Has the Government changed the law to give tenants an automatic right to keep pets?
The short answer may appear to be “yes” but – as always – the devil is in the detail.
Firstly, it’s important to stress that pet ownership within rental property is part of a Model Tenancy Agreement, developed by the Government. It’s only guidance as there is no legal requirement to use this particular type of agreement, in preference to others widely used throughout our industry.
Secondly, as the owner of a much-loved dog, I am certainly not against the idea in principle. Our animals often bring a lot of joy and most pet owners are sensible and responsible.
At the opposite end of the spectrum, I’ve seen some horror stories, ranging from chewed skirting boards and banisters to badly scratched hard flooring and carpets.

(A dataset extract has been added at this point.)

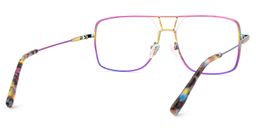 Bowdry Aviator Iridescent Glasses5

As with all things involving humans, poor pet owners can give responsible animal lovers a bad name!
So let’s look at what’s driving Government policy.
Currently, just 7% of private landlords advertise pet-friendly properties – forcing some tenants to give up their beloved pets all together when they need to move home.
Under the new agreement, Ministers say rejections should only be made where there is a good reason.
A good example is somebody hoping to move an excitable and noisy dog into a small flat, creating potential nuisance for new neighbours.
Now responsible tenants with well-behaved pets will be able to secure leases more easily through the new Model Tenancy Agreement, announced by the Government earlier this year.
Landlords using this type of agreement will have to offer consent for pets as the default position.
Those who object must outline their concerns in writing, within 28 days of a written pet request – and provide good reasons if they decide to turn it down.
To protect landlords, tenants will continue to have a legal duty to repair or cover the cost of damage.
All good stuff in principle but it’s important to stress there are constraints.
For a start, there are several types of legal tenancy agreements available and not all follow the Government model, as I explained at the outset.
Secondly, many leasehold properties in Brighton and Hove contain legally-binding clauses to say animals cannot be kept in the buildings.
So how do we get round the thorny issue of pet ownership and help wherever we can?
Before the Government capped tenancy deposits at a maximum of five weeks’ rent, landlords could insist on a larger deposit to cover the potential risk. That option is no longer available.
To compensate, some landlords are now charging higher rents to cover the risk of damage or noise and nuisance. Fair enough – but only if tenants can afford it.
This topic is unlikely to go away and may be covered in the pending Government White Paper, which we’re expecting in the Autumn. We discussed this in last month’s blog.